Wednesday, April 6, 2016

Blockadia, Huelga, and the CFA Strike

As the California Faculty Association strike dates approach, it is especially appropriate to consider strikes of the past. Last week our campus was closed in recognition of Cesar Chavez Day. Sadly, for most students, this day was viewed as just another holiday thrown on the calendar, a day for Netflix binging, relaxing on the beach, or—god forbid—catching up on homework. I think it is important to take a bit of time to revisit why we were given the day off and to appreciate the man and the movement that we ought to have been celebrating.

Fifty years ago, strikers set out on foot from southern California, traveling nearly 350 miles to the capitol building in Sacramento. Led by Cesar Chavez, they marched for 25 days and were joined by hundreds of people along the way. Cesar Chavez, Dolores Huerta, and countless other Chicano and Filipino farmworkers fought for better working conditions and basic human rights. Using all sorts of approaches from the grape boycott to the massive strike (Huelga!) to art and theater, a movement that started small reached across the entire nation, garnering support from as far away as Europe, where dock workers refused to unload Delano grapes. Eventually, after years of struggle and striking, the UFW was born.
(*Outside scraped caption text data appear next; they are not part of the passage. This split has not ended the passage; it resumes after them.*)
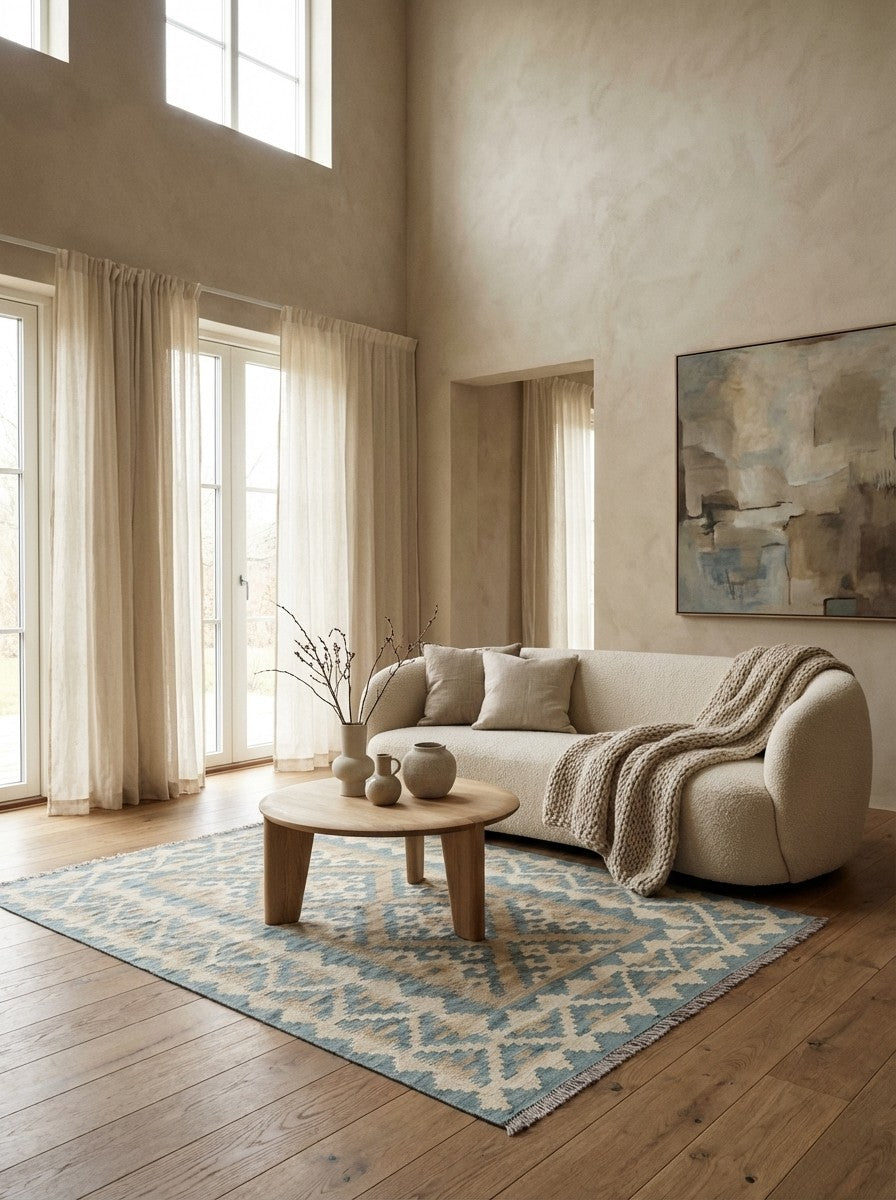 Kelim Gashgai — Handmade, 127x166 cm, Beige, 100% Virgin Wool | Detail view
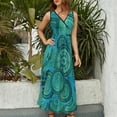 thumbnail image 3 of Robe Sans Manches Motif Tribal Circulaire Bleu Sarcelle Doux Robes de Soirée Femmes Robes Décontractées, 3 of 4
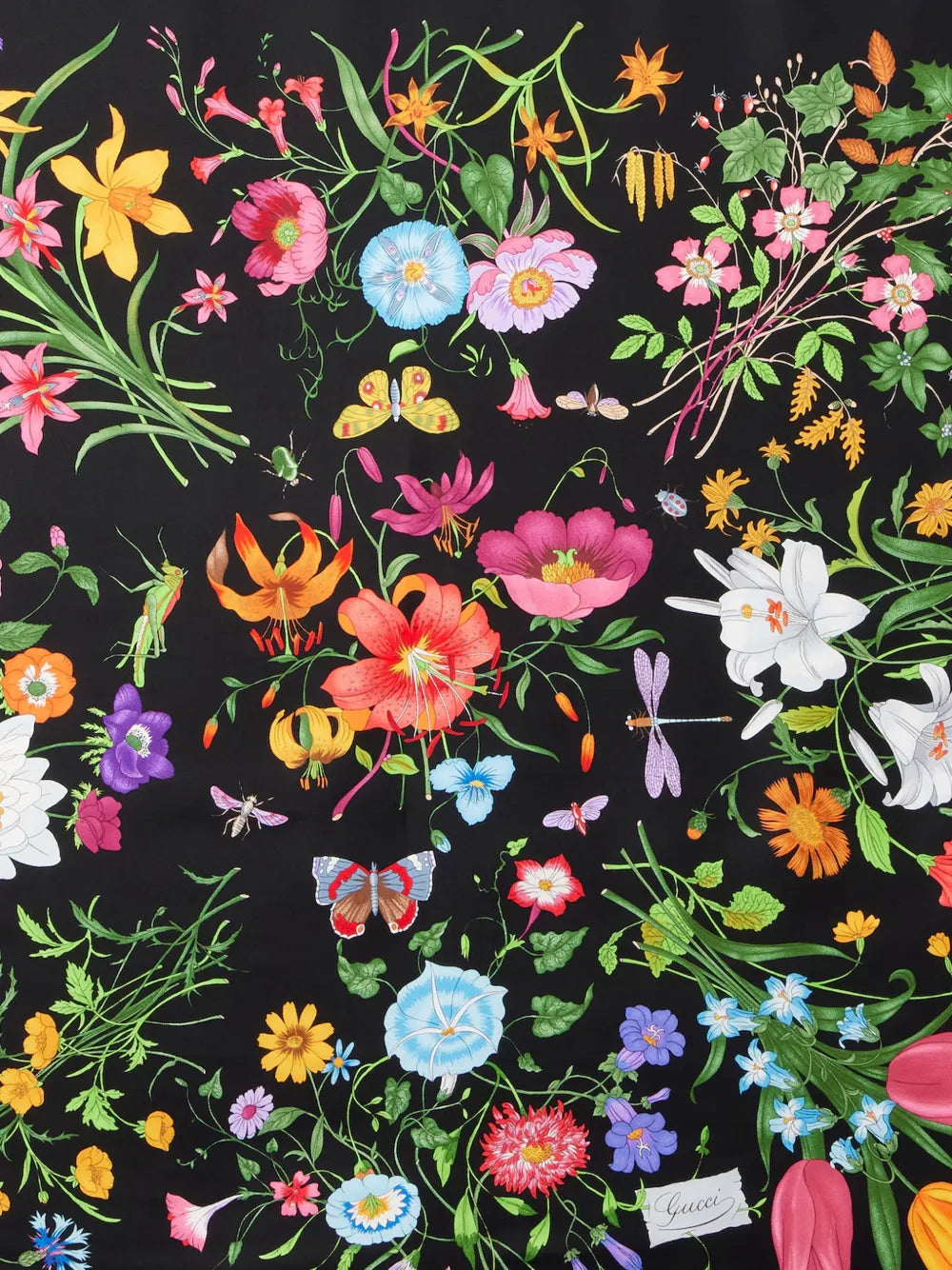 Floral-Print Silk Scarf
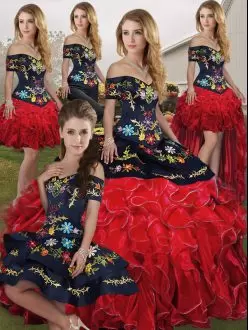Red And Black Sleeveless Embroidery and Ruffles Floor Length Quince Ball Gowns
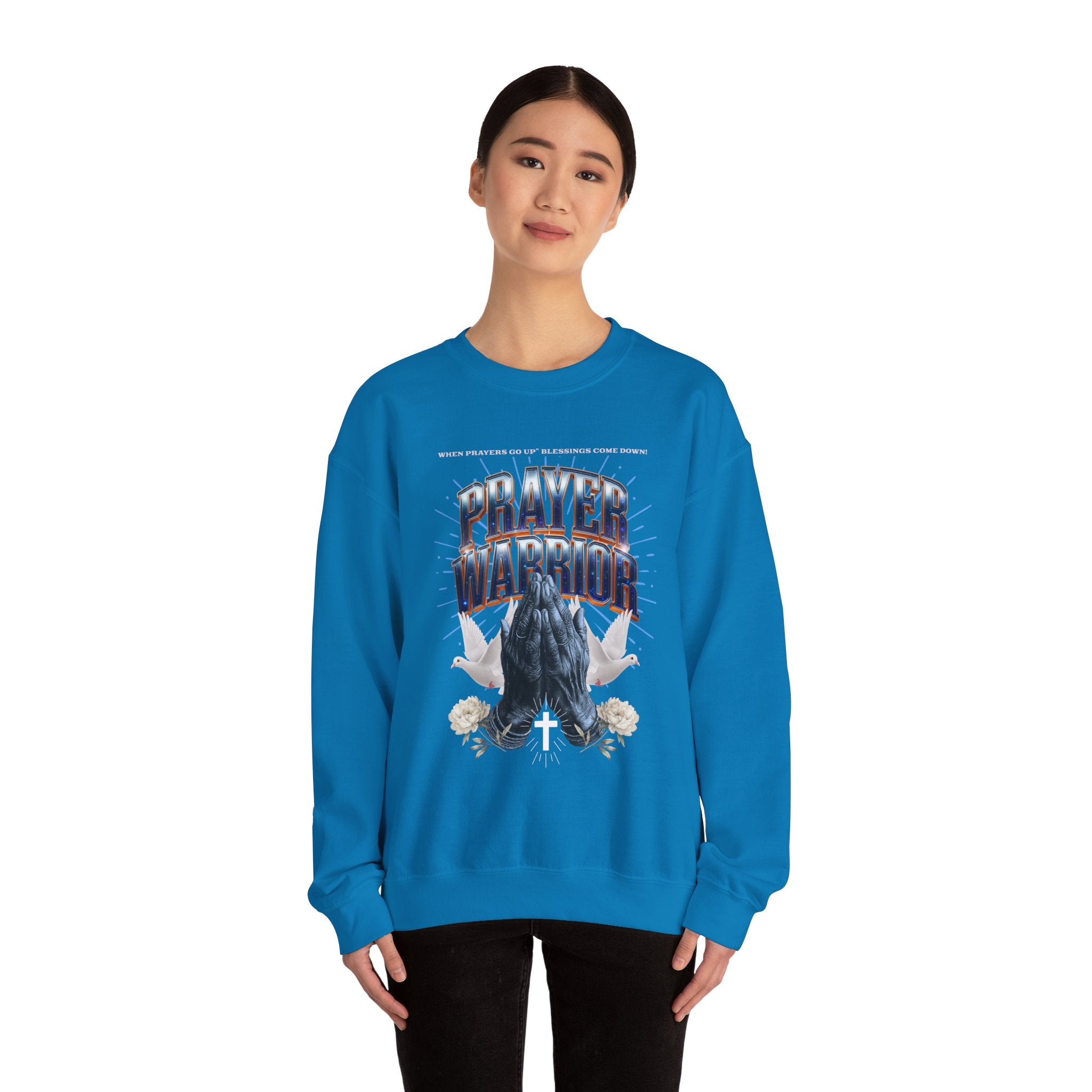 Prayer Warrior Crewneck Sweatshirt - Unisex Heavy Blend™ - Faith-Inspired Apparel - Angel Body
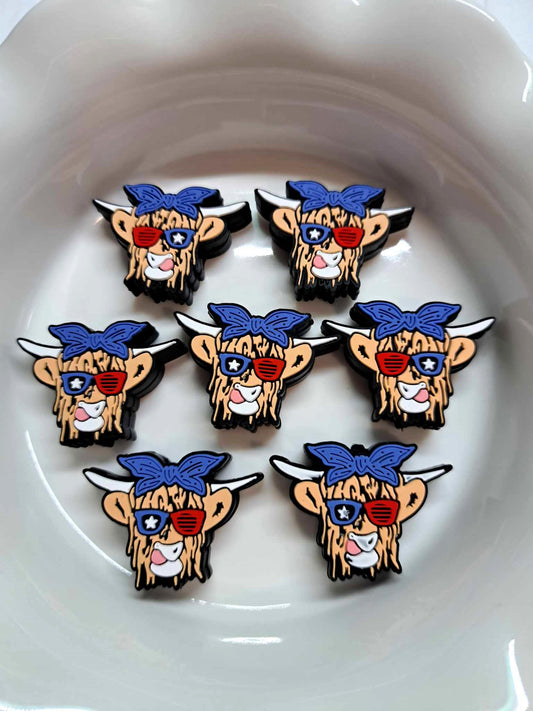 Highland Cow: Red, White & Blue with Sunglasses and Hair Band Silicone Focal Bead - 0471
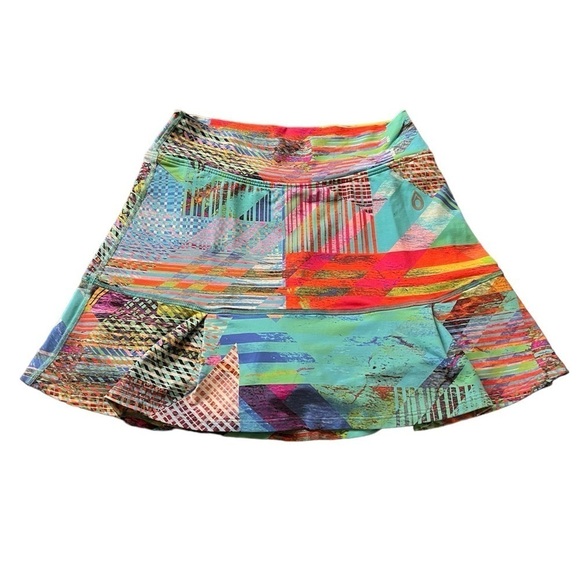 DONAJO COLORFUL ATHLETIC SKORT SIZE 1 ABSTRACT PATTERN - Picture 1 of 11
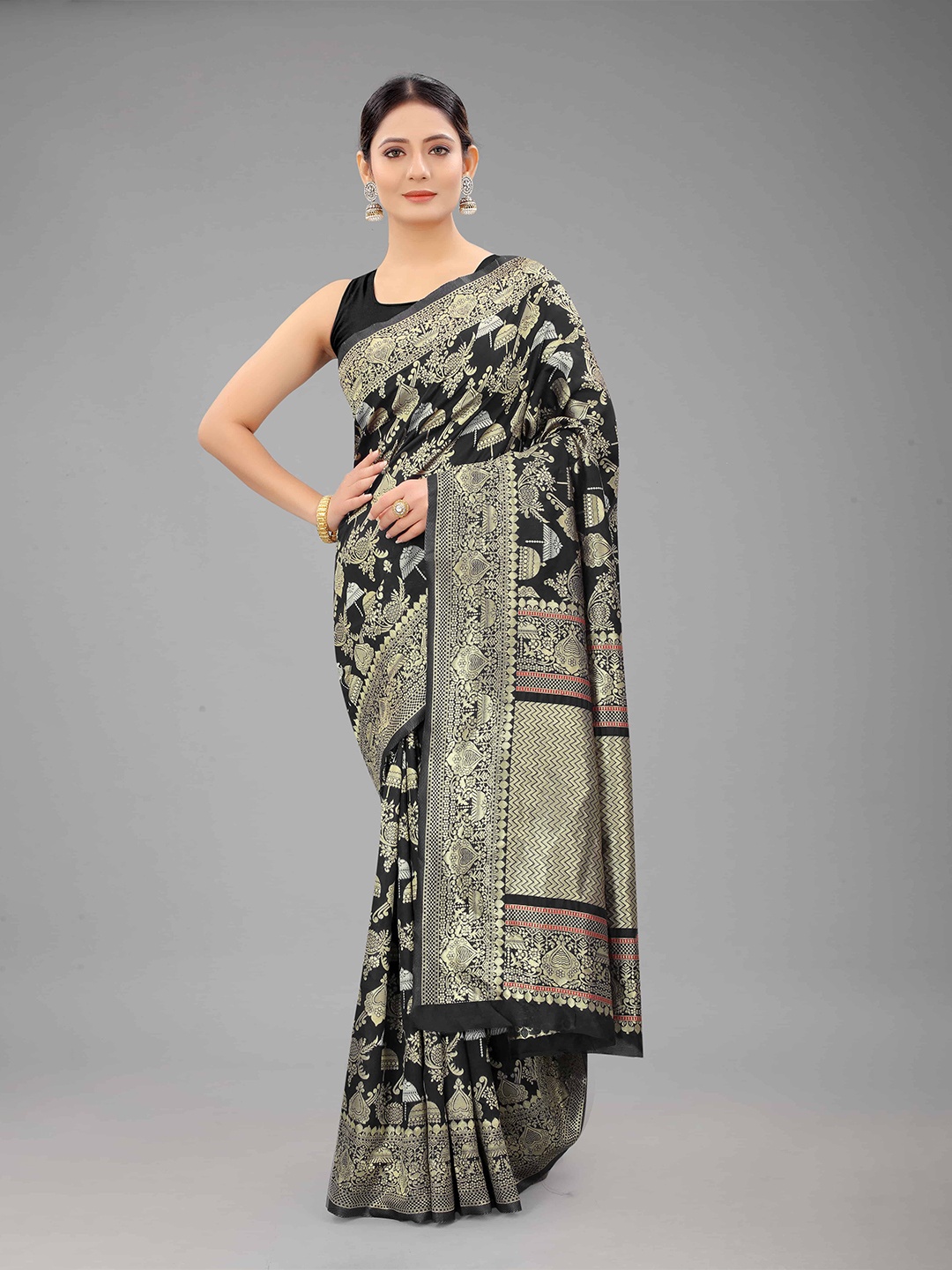 

Silk Land Black & Golden Ethnic Motifs Zari Banarasi Saree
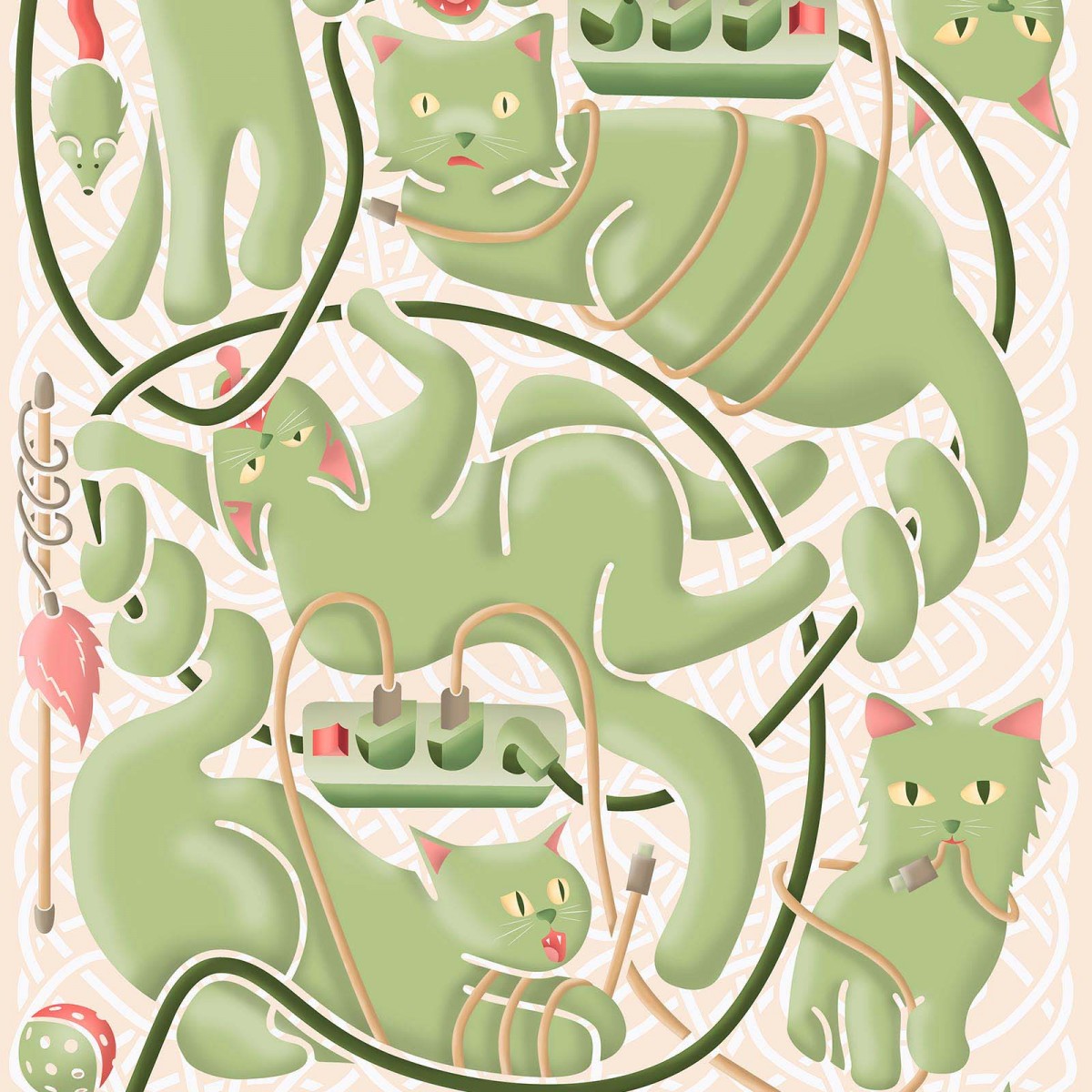 Tapet designer Geometrics Cluttered Cats and Cords by Erik van der Veen, NLXL, 4.9mp / rola, Tapet Exclusivist 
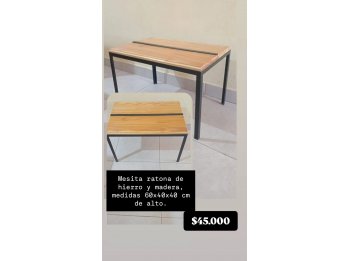 vendo mesita ratona construida en hierro y madera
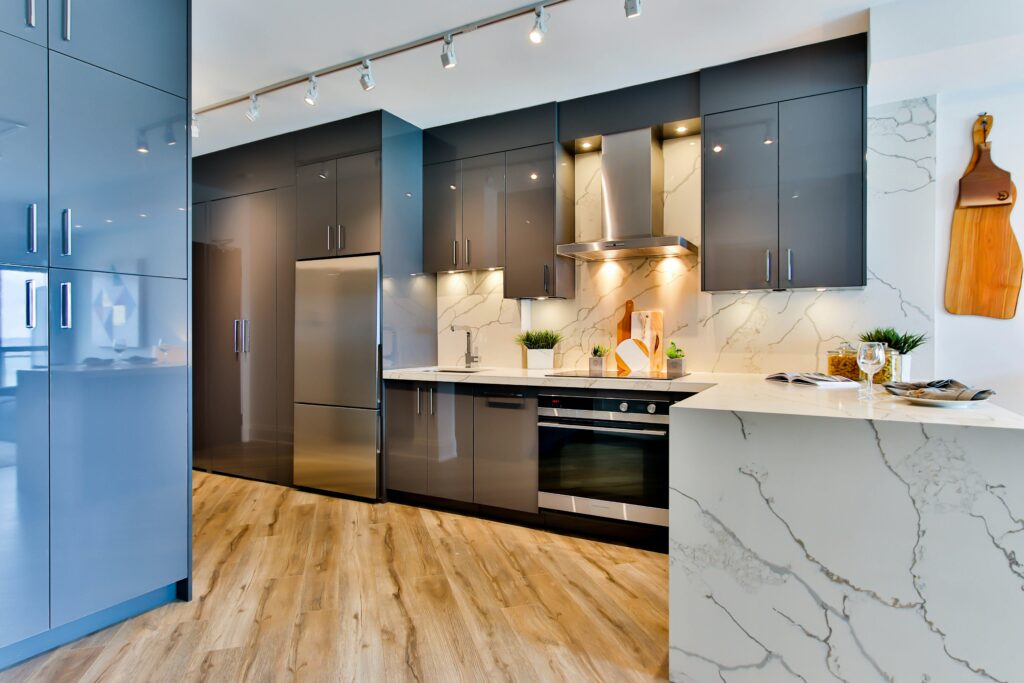 Modern kitchen with custom marble countertops and a marble island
Many of the stories in Naomi Klein’s Blockadia are reminiscent of the civil rights movements of the 1960’s, like the farm workers movement. She shares stories of people across the world standing up for their health and their homes against corporate giants. These are movements led by the people, “grassroots” if you will. Like the farmworkers, most of the people of “Blockadia” are poor and lack agency, but after coming together are able to exert social power as communities. While the dialogue around environmental issues is so often “doom and gloom,” these examples provide inspiration to those of us who have become disillusioned by top down environmentalist approaches.